2 Oct 2015
- Markets fell early in the week as global growth fears were stoked yet again with Chinese industrial profits down sharply in August from the previous year.
- Global markets then staged a recovery later in the week to finish flat to slightly higher on the back of somewhat positive comments from the US Fed.
- Commodity producers globally slumped to their lowest levels since 2009.
- In local stock news, ANZ Banking Group announced that CFO Shayne Elliott will become CEO and join the board on 1 January 2016, succeeding Mike Smith. Elliott has over 30 years international banking experience and joined ANZ in 2009.
- Metcash has provided updates on plans to revamp the company, with focus on store refurbishments, lower prices and brand restructuring.
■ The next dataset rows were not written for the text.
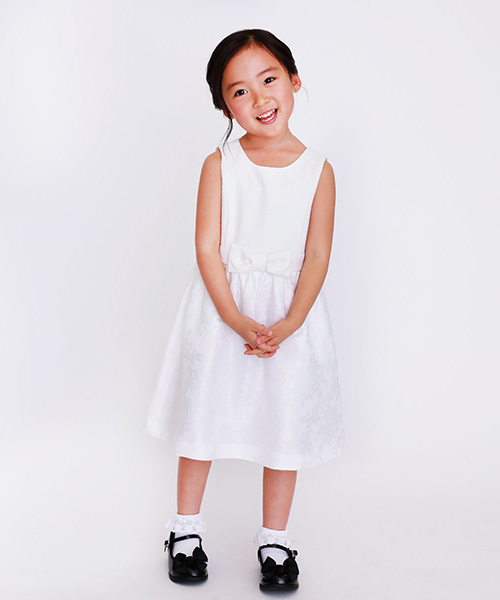 リボン付 花柄 ノースリーブ ワンピース 110cm 130cm ワンピース Comme Ism Ca Ca ワンピース Ism コムサイズム のファッション 正規品の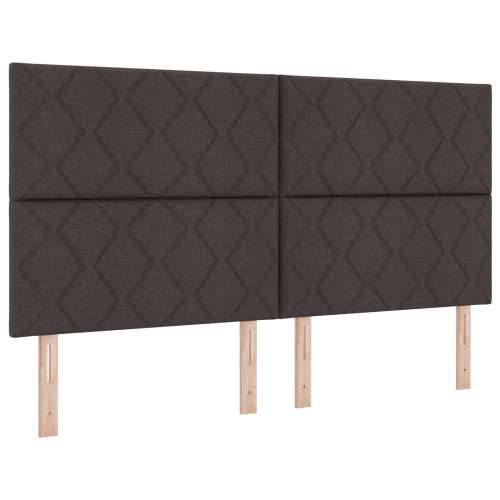 Krevet s box springom s madracem i klupom tamnosmeđa 180x200 cm tkanina Cijena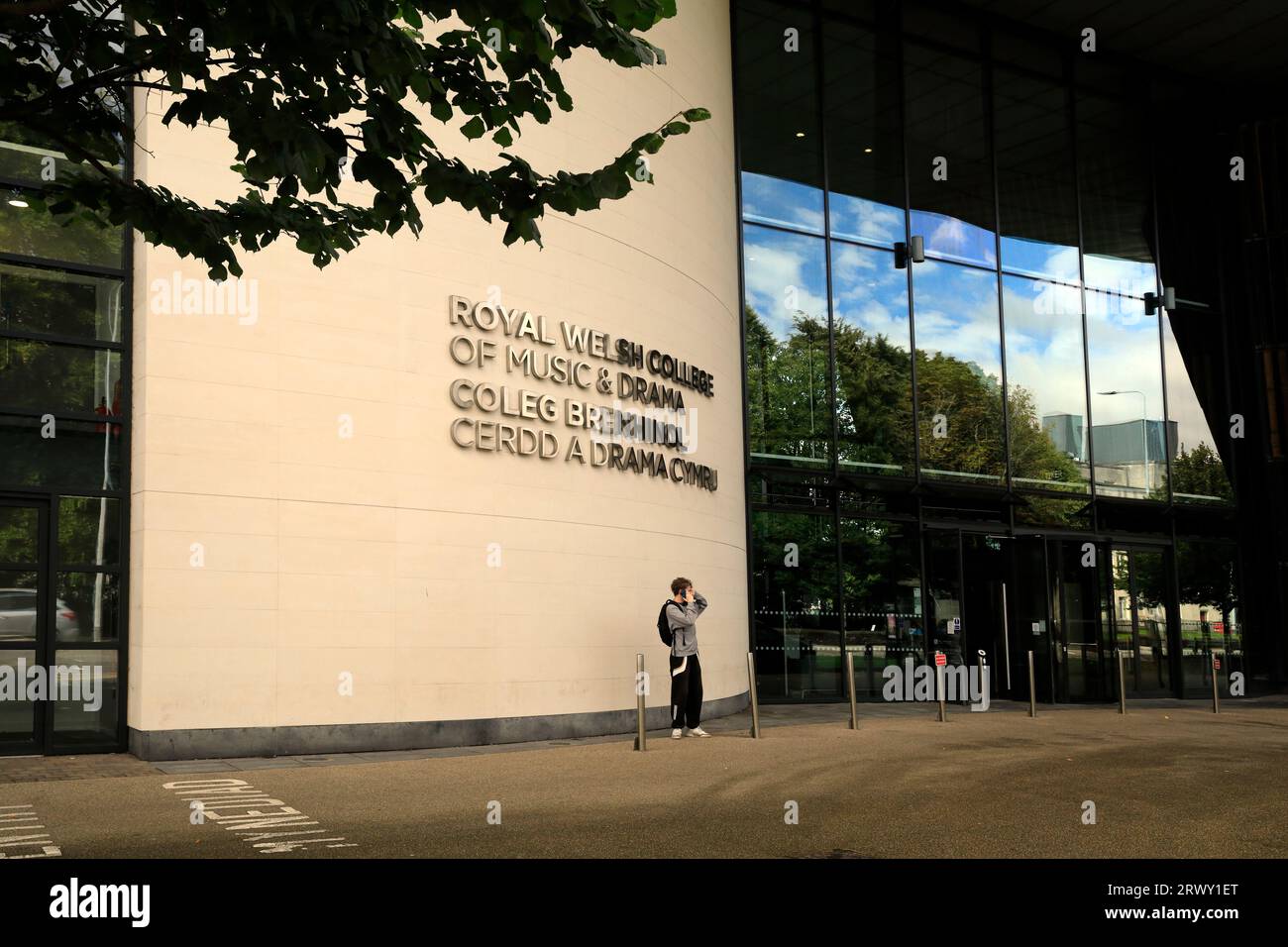 Royal Welsh College of Music & Drama, Stadtzentrum von Cardiff. September 2023 Stockfoto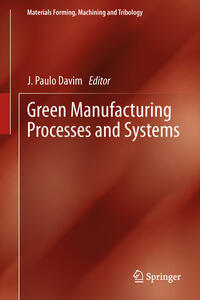 Vorderes Coverbild Green Manufacturing Processes and Systems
- Origin Energy announced a sizable $2.5bn fully underwritten equity raising at $4 per share, a large 34% discount to their share price at the time of the announcement. Management also announced a cut to the dividend and is targeting up to $800m of non-core asset sales over the next couple of years. Action is aimed at strengthening the balance sheet in light of lower oil prices.
- The Chinese government may account for up to 20% of investment in the Australian bond market and a 1/3rd of all foreign buying, according to analysis from the IMF. The Australian dollar may come under further pressure as China begins to sell its stockpile of reserves.
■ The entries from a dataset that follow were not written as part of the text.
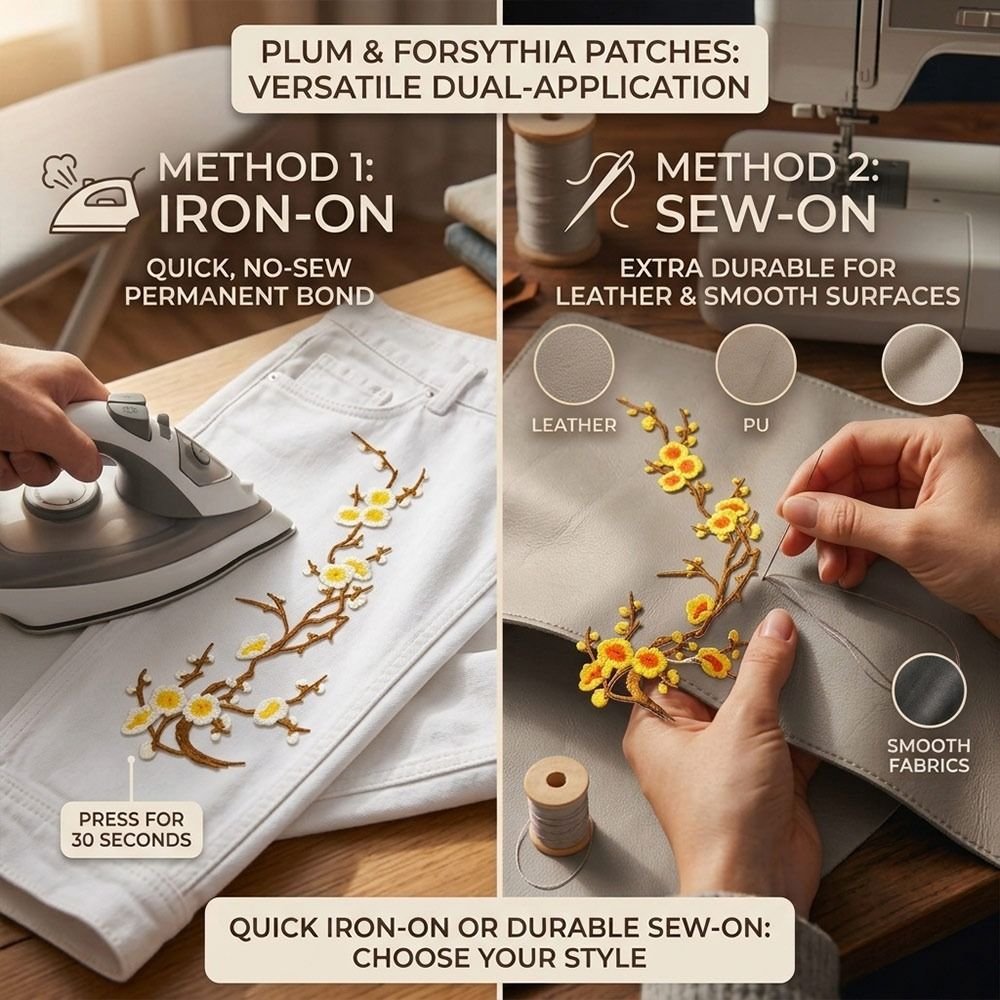 DIY Kersenbloesem Strijkpatche - Sewing Textiles recensie en prijs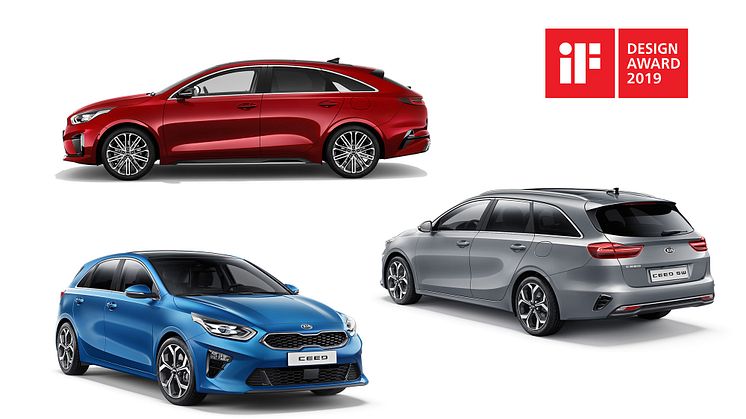 Kia Ceed vinner designpriser i iF Awards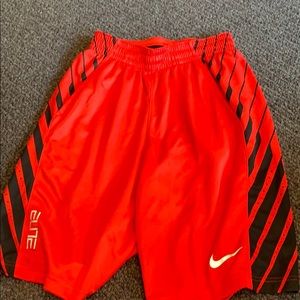 Red Nike Dri-Fit Shorts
- Australian population growth slowed to 1.35% in the first quarter of this year, putting further downward pressure on economic growth. The source of the decline was a further fall in the pace of net migration.
- Australian private credit growth edged up in August, with business credit growth continuing to gain momentum and housing credit growth continuing to show signs of levelling off.
- Australian building approvals were weaker than expected in August, recording their equal largest monthly decline in almost a year. Annual growth decelerated to 5.1%, well down on the 19% growth rate averaged in the first half of this year. Approvals have peaked, although levels of construction activity will remain high.
- US central bank chairwomen Yellen laid out the case for raising interest rates later this year. However, there isn’t much of the year left. She made some fairly obvious comments in relation to the strength of the US economy, which somewhat contradicted their decision not to raise. Markets liked her comments.
- Second quarter US economic growth was revised up to 3.9% from 3.7%, further showing the strength of the US economy. The revision was due to higher consumer spending and improved business investment.
- The central bank of China indicated that the Chinese currency may face short term devaluation pressures, thus putting further downward pressure on global inflation and potentially exacerbating capital outflows.
- The Turnbull government has reached in-principle agreement with the unions, employers, and welfare organisations to reduce a raft of concessional taxation arrangements that benefit the rich. This is the first direct union / Coalition talks since the 2013 election. Superannuation concessions for the well-off, CGT concessions on property held for longer than 12 months, and negative gearing on property, are all back on the agenda. Removal of Sunday penalty rates and an increase and broadening of the GST should also be added to that list.